Course 2 - Sample-based Learning Methods
Metadata
- URL:: Sample-based Learning Methods | Coursera
- Tags:: #on/Reinforcement-Learning
- Links:: Reinforcement Learning Specialization
- Status:: #triage
- Instructor:: Martha White Adam White
- Created:: 2022-04-28 22:44:26
- Modified:: 2022-06-05 23:58:44
About this Course
In this course, you will learn about several algorithms that can learn near optimal policies based on trial and error interaction with the environment—learning from the agent’s own experience. Learning from actual experience is striking because it requires no prior knowledge of the environment’s dynamics, yet can still attain optimal behavior. We will cover intuitively simple but powerful Monte Carlo methods, and temporal difference learning methods including Q-learning. We will wrap up this course investigating how we can get the best of both worlds: algorithms that can combine model-based planning (similar to dynamic programming) and temporal difference updates to radically accelerate learning.By the end of this course you will be able to:
- Understand Temporal
- Difference learning and Monte Carlo as two strategies for estimating value functions from sampled experience
- Understand the importance of exploration, when using sampled experience rather than dynamic programming sweeps within a model
- Understand the connections between Monte Carlo and Dynamic Programming and TD.
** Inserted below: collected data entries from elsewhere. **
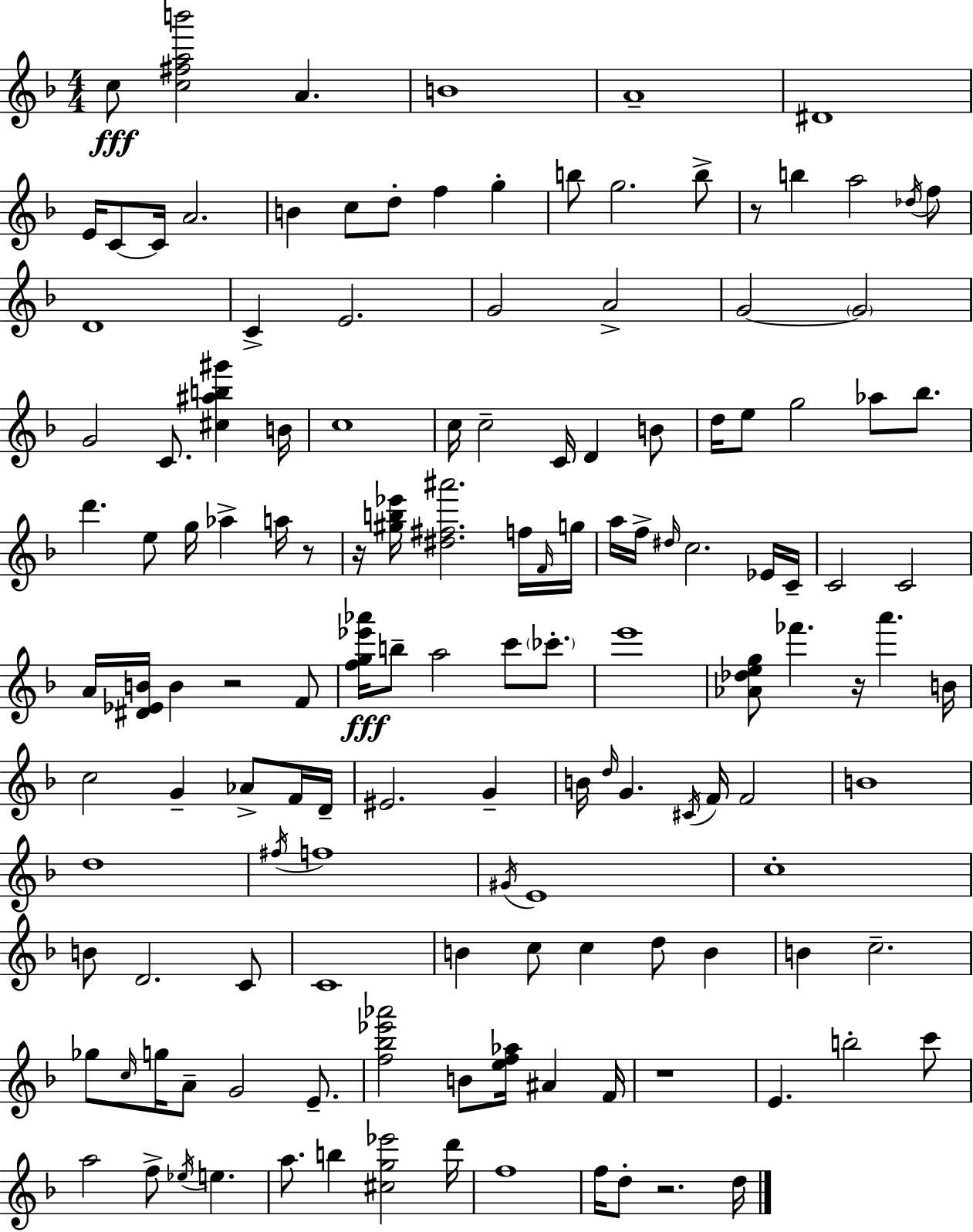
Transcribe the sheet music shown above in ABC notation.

X:1
T:Untitled
M:4/4
L:1/4
K:Dm
c/2 [c^fab']2 A B4 A4 ^D4 E/4 C/2 C/4 A2 B c/2 d/2 f g b/2 g2 b/2 z/2 b a2 _d/4 f/2 D4 C E2 G2 A2 G2 G2 G2 C/2 [^c^ab^g'] B/4 c4 c/4 c2 C/4 D B/2 d/4 e/2 g2 _a/2 _b/2 d' e/2 g/4 _a a/4 z/2 z/4 [^gb_e']/4 [^d^f^a']2 f/4 F/4 g/4 a/4 f/4 ^d/4 c2 _E/4 C/4 C2 C2 A/4 [^D_EB]/4 B z2 F/2 [fg_e'_a']/4 b/2 a2 c'/2 _c'/2 e'4 [_A_deg]/2 _f' z/4 a' B/4 c2 G _A/2 F/4 D/4 ^E2 G B/4 d/4 G ^C/4 F/4 F2 B4 d4 ^f/4 f4 ^G/4 E4 c4 B/2 D2 C/2 C4 B c/2 c d/2 B B c2 _g/2 c/4 g/4 A/2 G2 E/2 [f_b_e'_a']2 B/2 [ef_a]/4 ^A F/4 z4 E b2 c'/2 a2 f/2 _e/4 e a/2 b [^cg_e']2 d'/4 f4 f/4 d/2 z2 d/4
- Implement and apply the TD algorithm, for estimating value functions
- Implement and apply Expected Sarsa and Q-learning (two TD methods for control)
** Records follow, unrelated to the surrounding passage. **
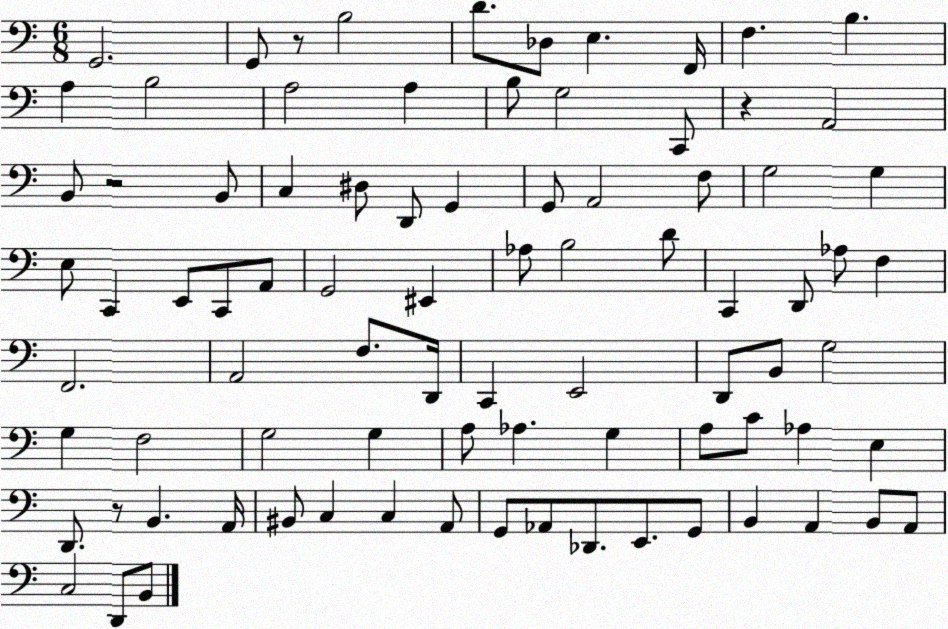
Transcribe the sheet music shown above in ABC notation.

X:1
T:Untitled
M:6/8
L:1/4
K:C
G,,2 G,,/2 z/2 B,2 D/2 _D,/2 E, F,,/4 F, B, A, B,2 A,2 A, B,/2 G,2 C,,/2 z A,,2 B,,/2 z2 B,,/2 C, ^D,/2 D,,/2 G,, G,,/2 A,,2 F,/2 G,2 G, E,/2 C,, E,,/2 C,,/2 A,,/2 G,,2 ^E,, _A,/2 B,2 D/2 C,, D,,/2 _A,/2 F, F,,2 A,,2 F,/2 D,,/4 C,, E,,2 D,,/2 B,,/2 G,2 G, F,2 G,2 G, A,/2 _A, G, A,/2 C/2 _A, E, D,,/2 z/2 B,, A,,/4 ^B,,/2 C, C, A,,/2 G,,/2 _A,,/2 _D,,/2 E,,/2 G,,/2 B,, A,, B,,/2 A,,/2 C,2 D,,/2 B,,/2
- Understand the difference between on-policy and off-policy control
- Understand planning with simulated experience (as opposed to classic planning strategies)
- Implement a model-based approach to RL, called Dyna, which uses simulated experience
- Conduct an empirical study to see the improvements in sample efficiency when using Dyna
# Notes
# Week 1
# Introduction to Monte Carlo Methods
# What is Monte Carlo?
- The term Monte Carlo is often used more broadly for any estimation method that relies on repeated random sampling.
- In RL, Monte Carlo methods allow us to estimate values directly from experience - from sequences of states, actions and rewards.
- This is only used for episodic tasks.
- In reinforcement learning we want to learn a value function. Value functions represent expected returns. So a Monte Carlo method for learning a value function would first observe multiple returns from the same state. Then, it averages those observed returns to estimate the expected return from that state.
- As the number of samples increases, the average tends to get closer and closer to the expected return.
- These returns can only be observed at the end of an episode.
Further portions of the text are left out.